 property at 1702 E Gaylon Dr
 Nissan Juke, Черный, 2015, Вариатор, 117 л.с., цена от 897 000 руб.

---

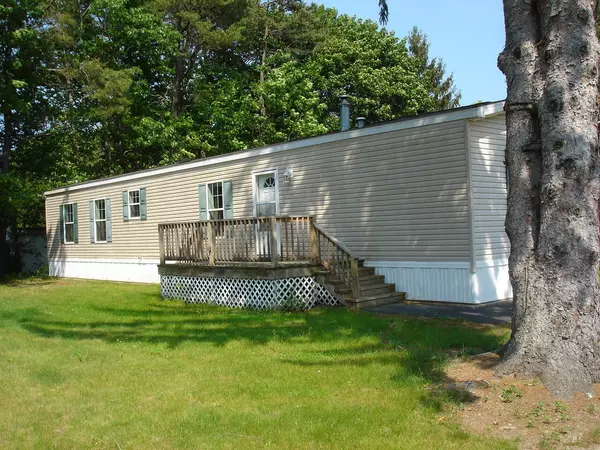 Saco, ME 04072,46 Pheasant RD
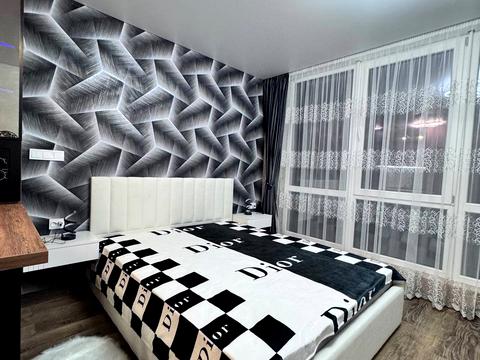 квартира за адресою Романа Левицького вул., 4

* * *

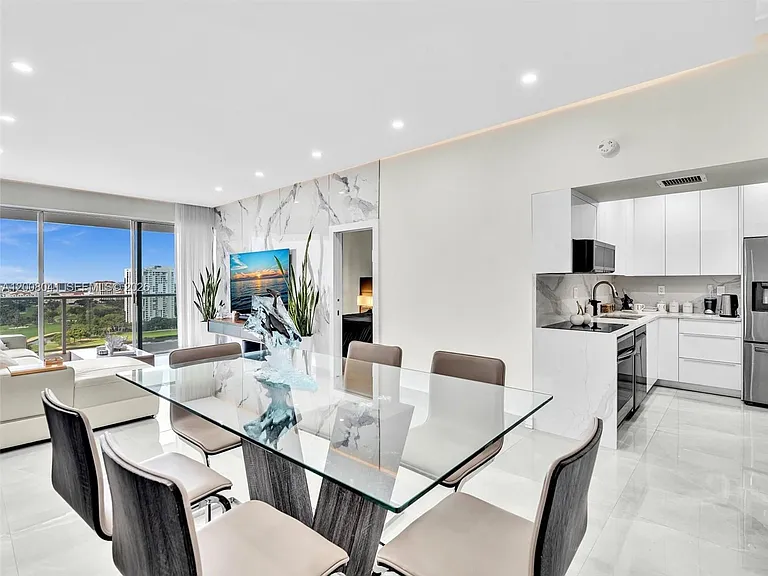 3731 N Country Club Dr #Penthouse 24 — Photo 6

__Instructions for the task__:
Copy exactly the stretch of data above from the line with "property at 1702 E Gaylon Dr" through the line with "Nissan Juke, Черный, 2015, Вариатор, 117", and omit all other lines.

__Exercise response__:
 property at 1702 E Gaylon Dr
 Nissan Juke, Черный, 2015, Вариатор, 117 л.с., цена от 897 000 руб.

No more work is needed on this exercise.